WHAT IS NEEDED: Could you set down only the lines from the one including "Yamaha XVS1100 Drag Star 2007" to the end of the records below, inclusive and exact, leaving pictures out?

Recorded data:
-- Opening Marker --
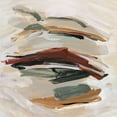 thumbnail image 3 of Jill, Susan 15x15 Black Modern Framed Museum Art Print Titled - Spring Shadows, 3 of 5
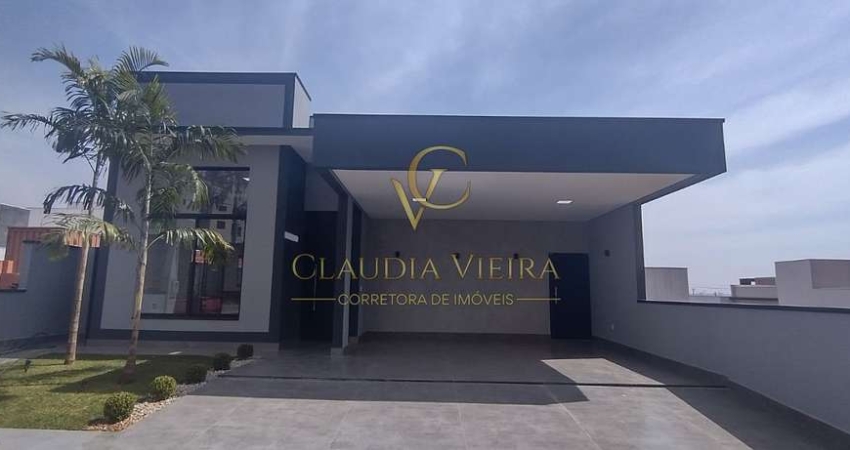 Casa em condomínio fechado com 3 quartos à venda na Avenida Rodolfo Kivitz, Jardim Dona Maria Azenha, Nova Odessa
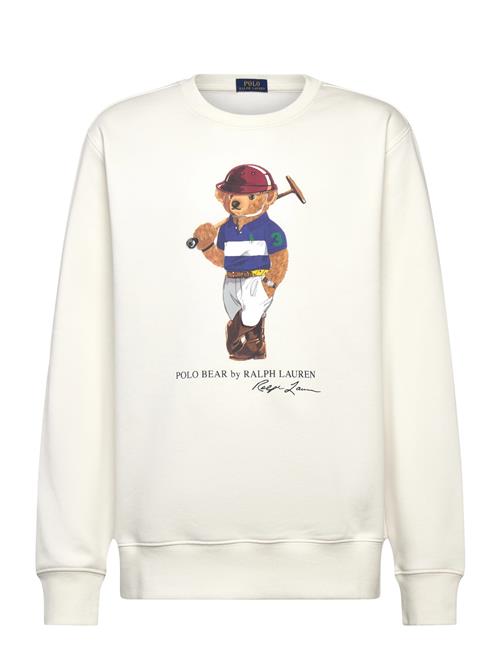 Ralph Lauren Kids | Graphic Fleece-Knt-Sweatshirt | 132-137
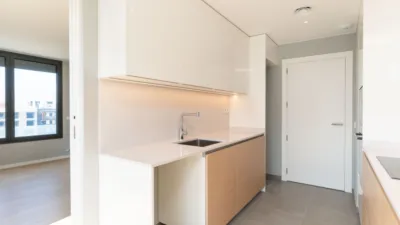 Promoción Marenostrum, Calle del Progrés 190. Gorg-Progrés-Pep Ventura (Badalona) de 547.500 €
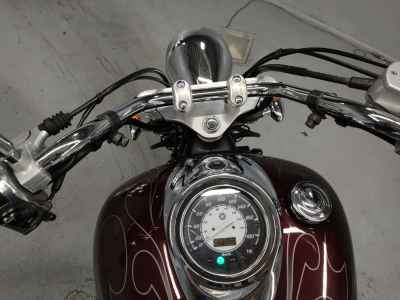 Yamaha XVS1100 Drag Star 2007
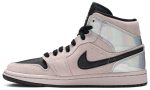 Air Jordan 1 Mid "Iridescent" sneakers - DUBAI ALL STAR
-- Closing Marker --
ANSWER AREA:
 Yamaha XVS1100 Drag Star 2007
 Air Jordan 1 Mid "Iridescent" sneakers - DUBAI ALL STAR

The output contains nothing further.